Butterfly practica tres orificios en la mampara de la casa para
ver el camino por el que debe llegar Pinkerton y los tres (Suzuki,
ella y el niño) se instalan alli esperando. Anochece y se oye a
lo lejos el canto de los pescadores. A la luz de la luna puede
verse que Suzuki y el niño han sido vencidos por el sueño, en
tanto que Butterfly, despierta, aguarda pacientemente. Cae el telón
mientras Butterfly sigue aguardando.
ACTO III.- Al
levantarse el telón, está empezando a amanecer, se escuchan las
lejanas voces de los marineros desde el puerto. Suzuki se
despierta de golpe y ve a Butterfly, todavia de pie, esperando.
Ha salido el sol. Suzuki logra que Butterfly se retire a
descansar con el niño.
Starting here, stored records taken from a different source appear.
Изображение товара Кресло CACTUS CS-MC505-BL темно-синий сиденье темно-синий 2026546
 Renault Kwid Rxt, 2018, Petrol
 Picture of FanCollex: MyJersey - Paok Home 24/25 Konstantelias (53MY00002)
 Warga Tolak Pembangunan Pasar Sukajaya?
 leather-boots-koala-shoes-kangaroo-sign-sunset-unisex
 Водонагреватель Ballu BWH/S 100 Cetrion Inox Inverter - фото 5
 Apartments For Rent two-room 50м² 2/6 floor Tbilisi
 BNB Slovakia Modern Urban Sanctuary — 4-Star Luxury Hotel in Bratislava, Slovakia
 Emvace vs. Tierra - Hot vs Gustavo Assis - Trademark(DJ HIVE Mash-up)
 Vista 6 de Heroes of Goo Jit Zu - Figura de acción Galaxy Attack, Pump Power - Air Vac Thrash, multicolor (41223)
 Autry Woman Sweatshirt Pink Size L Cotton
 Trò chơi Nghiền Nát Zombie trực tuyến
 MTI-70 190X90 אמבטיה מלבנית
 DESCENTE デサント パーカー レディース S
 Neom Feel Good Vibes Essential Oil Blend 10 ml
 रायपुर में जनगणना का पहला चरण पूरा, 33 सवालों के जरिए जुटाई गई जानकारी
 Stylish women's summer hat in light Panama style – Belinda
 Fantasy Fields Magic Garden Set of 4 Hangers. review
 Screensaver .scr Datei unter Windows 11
En ese momento entran Pinkerton y
Sharpless; han venido para encontrarse a solas con Suzuki y
rogarle que intervenga para suavizar el golpe que supondrá para
Butterflysaberse abandonada, y para convencerla de que entregue
al niño. Suzuki se desespera, y más cuando divisa en el jardin
a una mujer americana. Es Kate, la esposa de Pinkerton. Suzuki se
va y Sharpless le recuerda insistentemente a Pinkerton que él ya
se lo habia advertido, que Butterfly se habla tomado su
matrimonio en serio. Pinkerton se desespera de remordimientos y
no se atreve a enfrentarse con su ex-esposa. Confundido y apenado,
se va. Suzuki habla con Kate y le promete intervenir para que
Butterfly sufra lo menos posible y entregue al niño.
Entra Butterfly viendo a todo el mundo taciturno imagina alguna
desgracia. Al ver a Kate intuye lo ocurrido y ruega a Suzuki que
se lo explique. Cuando ésta se lo dice, Kate se presenta y
Butterfly le promete que si Pinkerton viene a buscar al niño,
ella se lo entregará. Kate y el cónsul se van y Butterfly
ordena a Suzuki que vaya a cuidar al niño. Suzuki obedece
llorando, porque comprende las intenciones de su ama. Ésta toma
el puñal con el que su padre se hizo el hara-kiri, lee la
inscripción de la hoja, que recomienda morir con honor cuando no
se puede vivir con él y está a punto de suicidarse cuando
Suzuki hace entrar al niño por la puerta. Butterfly detiene su
impulso, coge al niño, lo acaricia y le ruega que la mire por última
vez; luego le venda los ojos y ocultándose tras un biombo se
practica el hara-kiri. Cae Butterfly al suelo y se arrastra,
agonizando, hasta el niño, que, inconsciente del drama, espera
pacientemente. Desde fuera se oyen los gritos de Pinkerton, que
entra precigitadamente en la casa y se arrodilla junto a la
moribunda Butterfly. Sharpless, entre tanto, se hace cargo del niño
cuya madre expira en brazos de su esposo.